BEGIN SOURCE MATERIAL

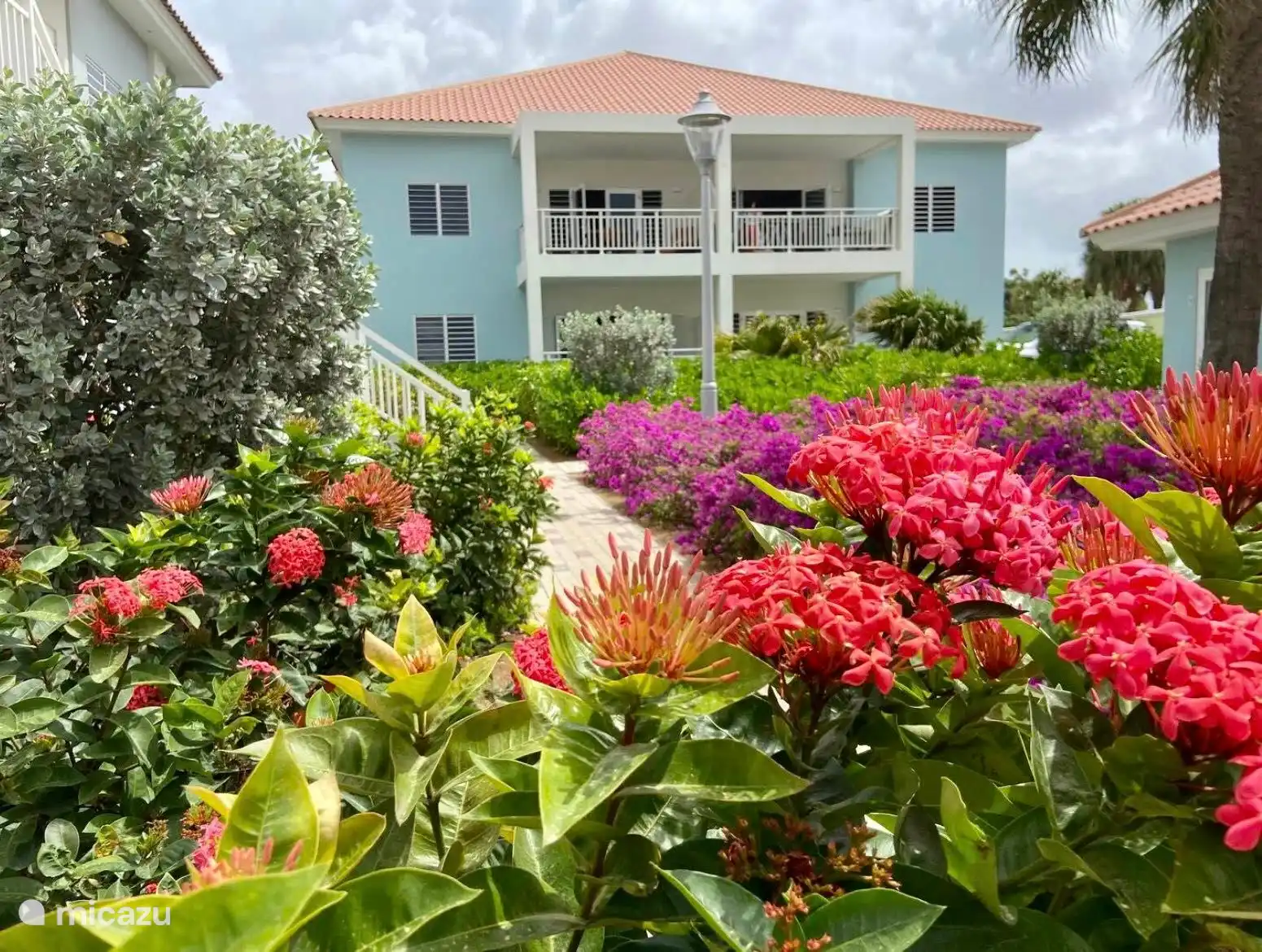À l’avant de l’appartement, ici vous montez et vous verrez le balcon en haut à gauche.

END SOURCE MATERIAL
BEGIN SOURCE MATERIAL

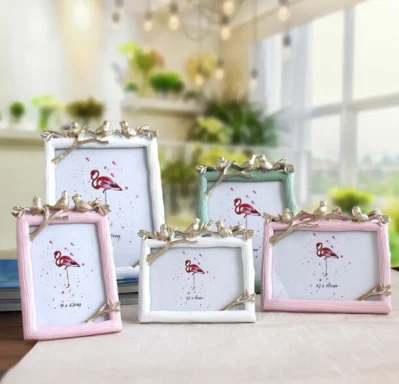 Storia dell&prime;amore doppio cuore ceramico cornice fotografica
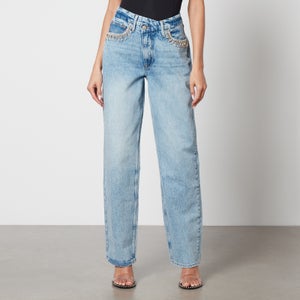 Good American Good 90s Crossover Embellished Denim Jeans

END SOURCE MATERIAL
BEGIN SOURCE MATERIAL

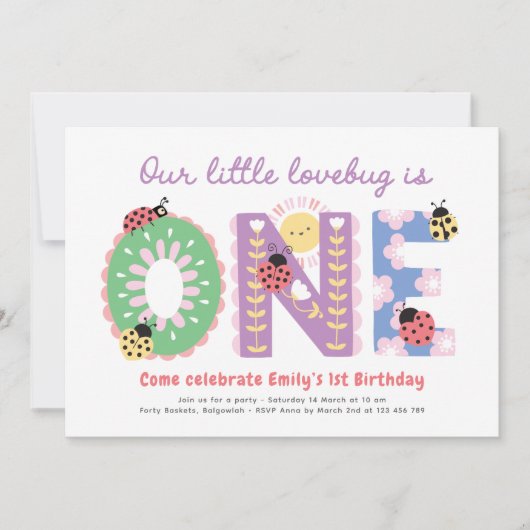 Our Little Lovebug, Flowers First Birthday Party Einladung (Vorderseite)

END SOURCE MATERIAL

■ TASK DESCRIPTION
Only the lines starting at the one with "Storia dell&prime;amore doppio" and ending at the one with "Good American Good" should be printed, each exactly as it appears in the material above; the pictures are to be omitted.

■ YOUR RESPONSE
 Storia dell&prime;amore doppio cuore ceramico cornice fotografica
 Good American Good 90s Crossover Embellished Denim Jeans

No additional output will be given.